Dos bigotes, 2022. 110 páginas.
En una especie de Madrid post apocalíptico, donde la gente va a caballo aunque empiezan a verse coches, y hay un grupo de mujeres que viven al margen de la sociedad, asistimos a la historia de amor de la protagonista, una poeta que se está ganando un nuevo nombre.
Mezcla de poemas, relatos y situaciones no es un libro, sino una extensa carta de amor camuflada de ficción. Me ha gustado la mezcla de estilos y esa ambientación a mitad de camino entre el western y los slams de poesía, aunque me hubiera gustado un poquito más de narración.
Me quejaba el otro día de que el género de la ciencia ficción está invadido por el best seller pero por suerte está invadiendo la corriente principal y cada vez es más frecuente encontrarlo en obras que, sin ser del género, hacen un buen tratamiento del mismo.
Muy bueno.
Esto es lo que imagino. No sentía grandes deseos de nacer. El mundo se hacía añicos, se estaba mejor dentro de esa mujer que no recuerdo, pues no tendría yo ni dos meses cuando le sorprendió una bomba en la cola del pan. A mí me encontraron en los escombros, decía el documento con un pequeño relato de mi existencia que le dieron a Padre al final de la guerra, cuando nos adoptó. Nadie sabía mi nombre. Esto es lo que imagino. Que era un nombre de escritora, como Gloria, Joan, Siri, Maya o Sanmao. Y que a pesar de no tener interés alguno en nacer, tiraba de mí la Poesía, el anhelo de convertirme en persona para poder hacer Poesía. Esto es lo que sé. Tenía planes. Quería meter los pies en el agua siempre que viera agua, empezar a formar parte de la historia del mundo, de la historia de mi familia y de la mía propia. Venerar los Misterios, no querer desvelarlos, no romper los encantamientos. Las orugas me picaron, me dejaron todo el brazo rojo, me gustaba que me hicieran cosquillas, solo cuando alguien me reprendió y me dijo que me iban a picar me picaron. Esto es lo que sé. Prefería mi mundo, me abrumaba estar en la cama y escuchar algún edificio que terminaba de colapsar y el suspiro de Padre desde su habitación. Pero nací, nací y la luna brillaba igual para mí que para los emperadores, las presidentas, las hormigas y los coyotes.

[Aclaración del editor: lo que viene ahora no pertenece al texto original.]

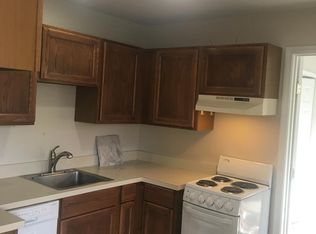 8 Grove St #2, Wellesley, MA 02482
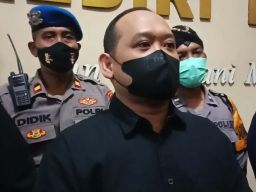 Kapolres Kediri Kota, AKBP Wahyudi memberikan keterangan terkait perusakan pura (Foto: Yanuar Dedy/jatimnow.com)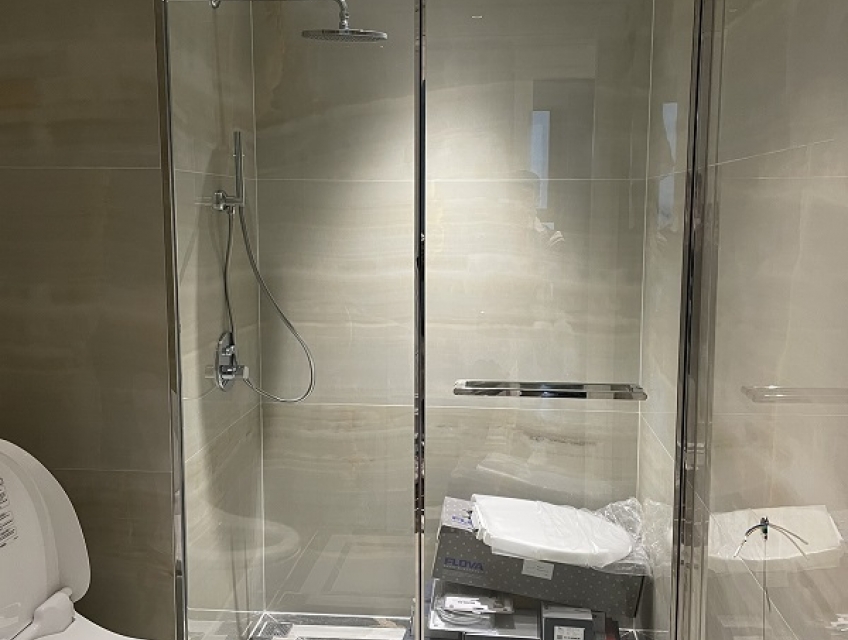 Vách tắm kính cường lực có an toàn cho gia đình có trẻ nhỏ không?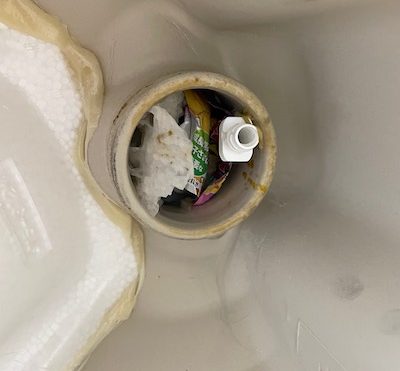 静岡市葵区北安東 便器脱着作業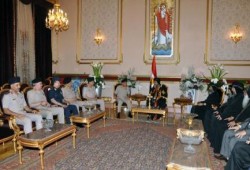 رأس الكنيسة المصرية "الطائفي" يدعم توجيه الجيش "الانقلابي" ضربة عسكرية لـ "ليبيا"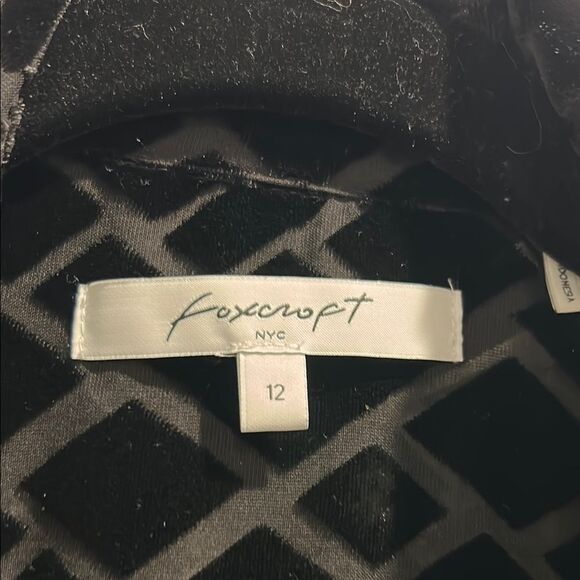 Black Velvet Geometric Shirt, Size 12 - Picture 6 of 8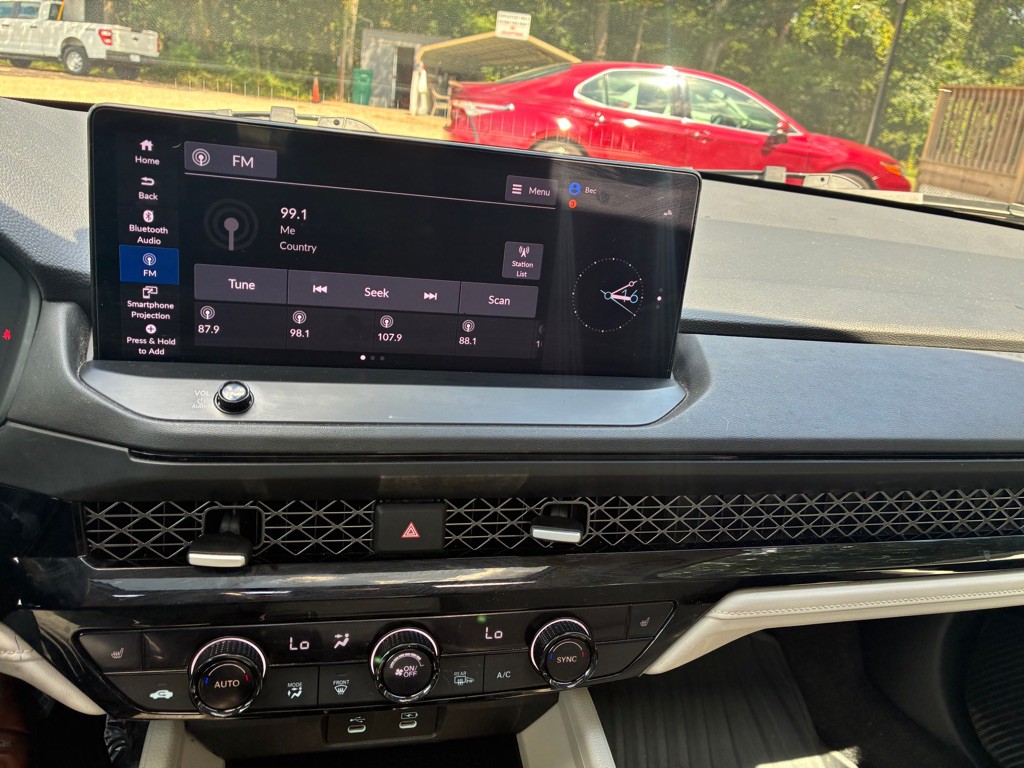 2023 Honda Accord Image 11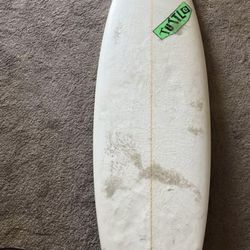 Surfboard- Twin Fins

Mamá decía: ¡que venga toda la constelación! Nos colocábamos en fila en la puerta del baño del piso de arriba para que Padre no se enterase (ya había tenido suficientes asquerosidades en la guerra) y, cabeza por cabeza, nos llenaba la melena de vinagre y nos quitaba los piojos con los dedos, alzando su pellizco delante de nuestros ojos. ¿Has visto este que grande? ¡Ya te tengo, traidor! Nos reíamos y nos quejábamos de la repugnancia, todo a la vez y sin que Padre se enterase, como si las cosas que hacíamos con mamá fueran misiones secretas, yo es como estoy acostumbrada a vivir, explicaba ella, hago una cosa y aparento que estoy haciendo otra, por eso era la que mejor contrabandeaba en la guerra. Si llamaban del colegio para que recogiera a alguna de sus criaturas porque había vomitado o se había hecho algo encima, decía voy, y aparecía con una carretilla sobre la cual había un barreño lleno de agua, una esponja y una muda de ropa. Ahí mismo, en la puerta del colegio, nos lavaba y vestía y nos mandaba otra vez para clase. Amaba la soledad y era feliz las raras veces que coincidía que no había nadie en casa. Alguna vez llegué antes de lo que ella esperaba que volviéramos y miré por la ventana para saber qué hacía. A las hijas nos gusta mucho mirar a nuestras madres cuando ellas no saben que las están mirando. Da emoción y angustia al mismo tiempo percatarse de que hay una parte desconocida de ellas, una parte que ya era así antes de ser madres.